I’ve seen this hustle before. Shill docs giving “educational talks” to other docs, with their meal and his salary paid by the company that makes the drug everybody is getting educated about. Commercials offering “health education materials” to patients, who then get a load of advertising for the newest, latest, and greatest (and most expensive) drug for that condition (not to mention now being on a junk mail direct marketing list patient registry).

So, this is nothing new.

Here’s where my puzzlement comes in.

Who is doing this?

If this were the newest, bestest, and most expensive drug, or one that’s on patent, that would make sense.  It would be the company behind the drug.

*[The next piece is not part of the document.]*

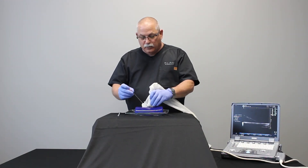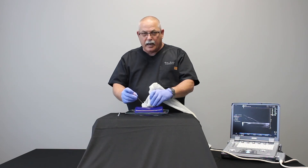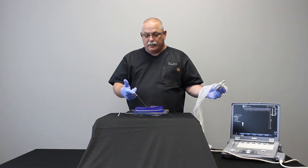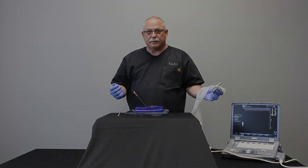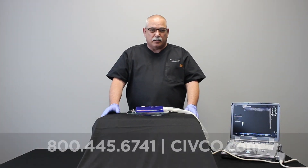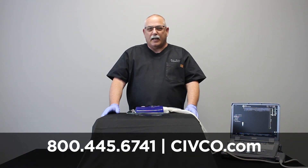Once I have the needle placed where I want it and no longer need the ultrasound probe, I'll simply remove it with the quick release — and then the needle stays where we put it. Thank you for watching. If you have any questions or want additional information on the Infinity Plus Needle Guide, use the contact information you see on your screen.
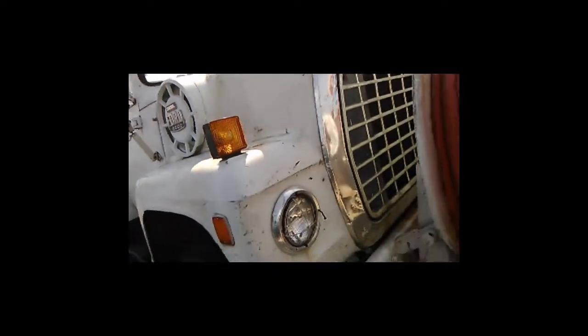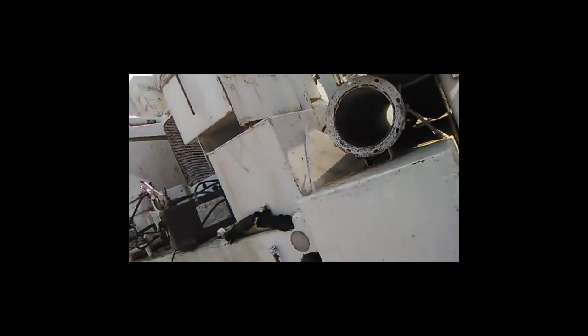Ford 8000 diesel — it's a decent running truck. You can see I got it going here. Here's my battery connections.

This is an entire class of drugs which, though widely prescribed (often inappropriately), are all generic. One would think that there’s not that much money left to be made, and the population prevalence of manic-depressive illness is probably less than the number of people on benzodiazepines. Off the top of my head, a few times more.

I don’t get this play.

Though in terms of marketing, it does make some sense. The advertisers get around all the regulations for direct-to-consumer advertising by putting three layers of “educational intent” between them and the actual content. Perhaps, generic though they be, the various sources of bad news about benzodiazepines have the manufacturers looking for some new, particularly loyal market?

There’s that smell again.

Maybe I need a doctor.

I hear there’s a family practice doc in the Bay Area who’s good with this kind of thing.